§ **DATASET SECTION**:
+===+
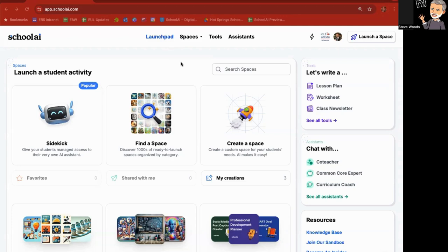Welcome to the Introduction to the Tools feature in School AI. To get to the Tools feature, you start on the Launchpad or your home page that you will land on after you log into School AI.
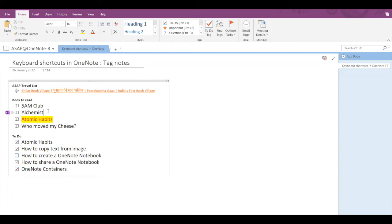Next is the Question tag. The keyboard shortcut is Ctrl+3. If I press Ctrl+3, a question mark will be applied to the left, and to remove it, I simply press Ctrl+3 again.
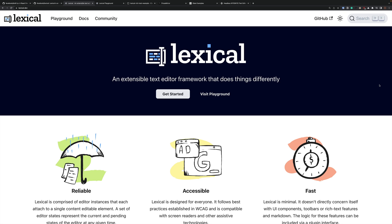Hey folks. So there's a new rich text editor called Lexical that just hit the scene and wanted to take a look at it.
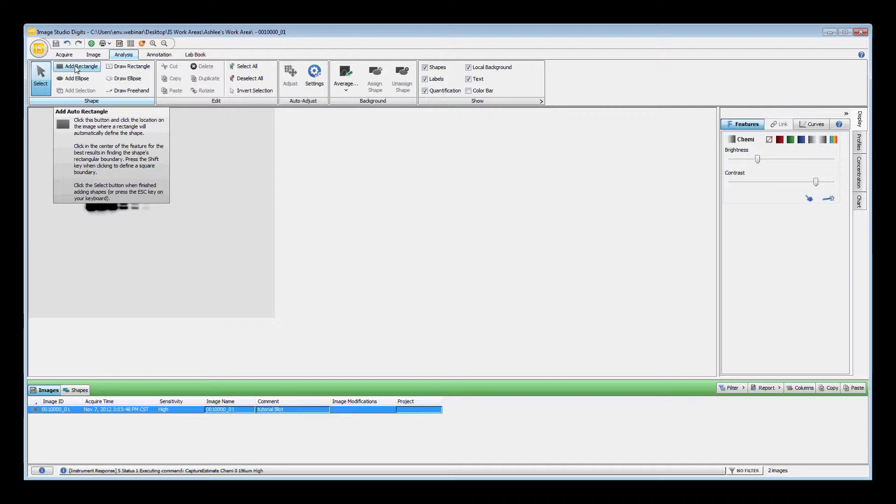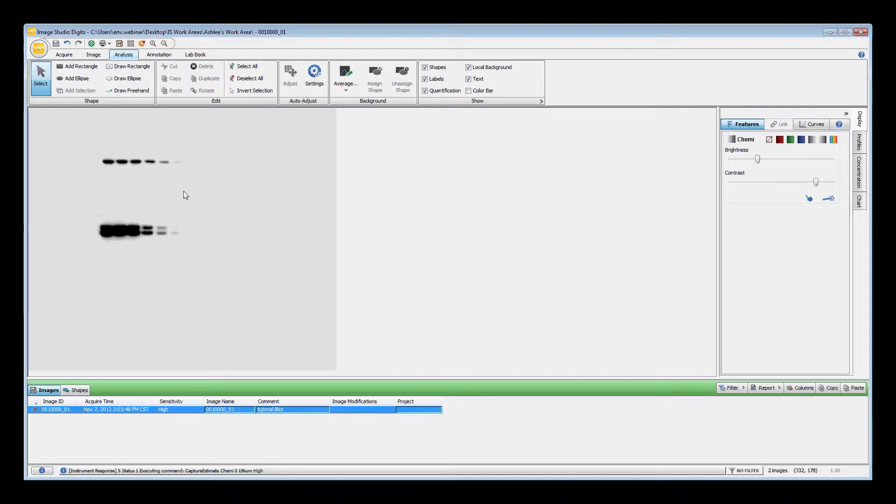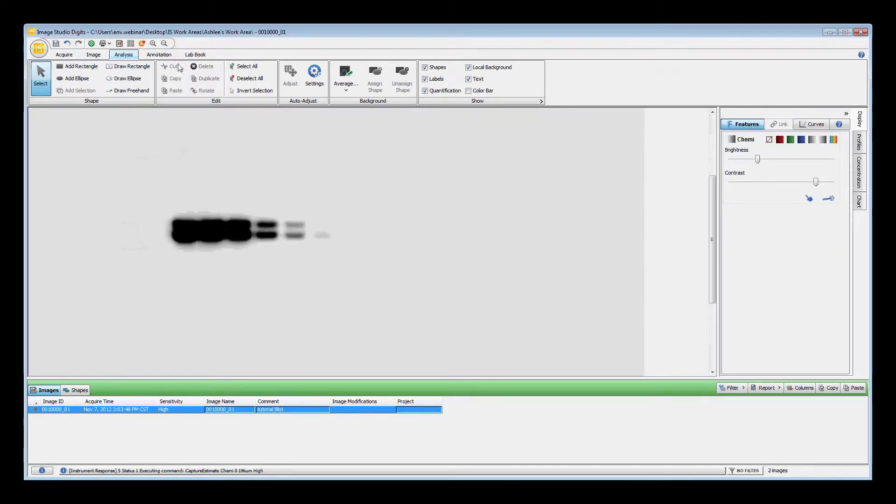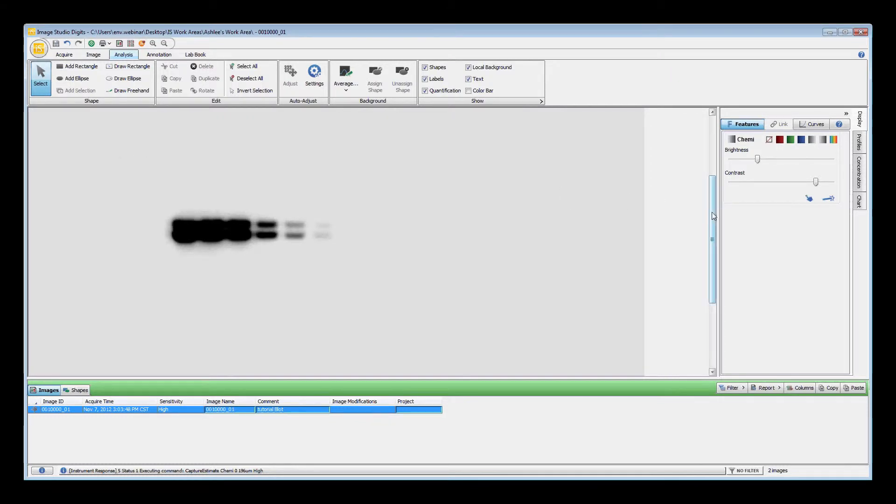Before you add features to your image, it may be to your advantage to zoom in. You can do that one of two ways. One, by using the scroll wheel on your mouse. Or two, by clicking the magnifying glass in the software toolbar.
+===+
§ **GOAL OF THE EXERCISE**: The expected output is the run of lines from the one containing "Next is the" to the last line of the listing above, both included, word for word and free of pictures.

§ **PROBLEM SOLUTION**:
Next is the Question tag. The keyboard shortcut is Ctrl+3. If I press Ctrl+3, a question mark will be applied to the left, and to remove it, I simply press Ctrl+3 again.
Hey folks. So there's a new rich text editor called Lexical that just hit the scene and wanted to take a look at it.
Before you add features to your image, it may be to your advantage to zoom in. You can do that one of two ways. One, by using the scroll wheel on your mouse. Or two, by clicking the magnifying glass in the software toolbar.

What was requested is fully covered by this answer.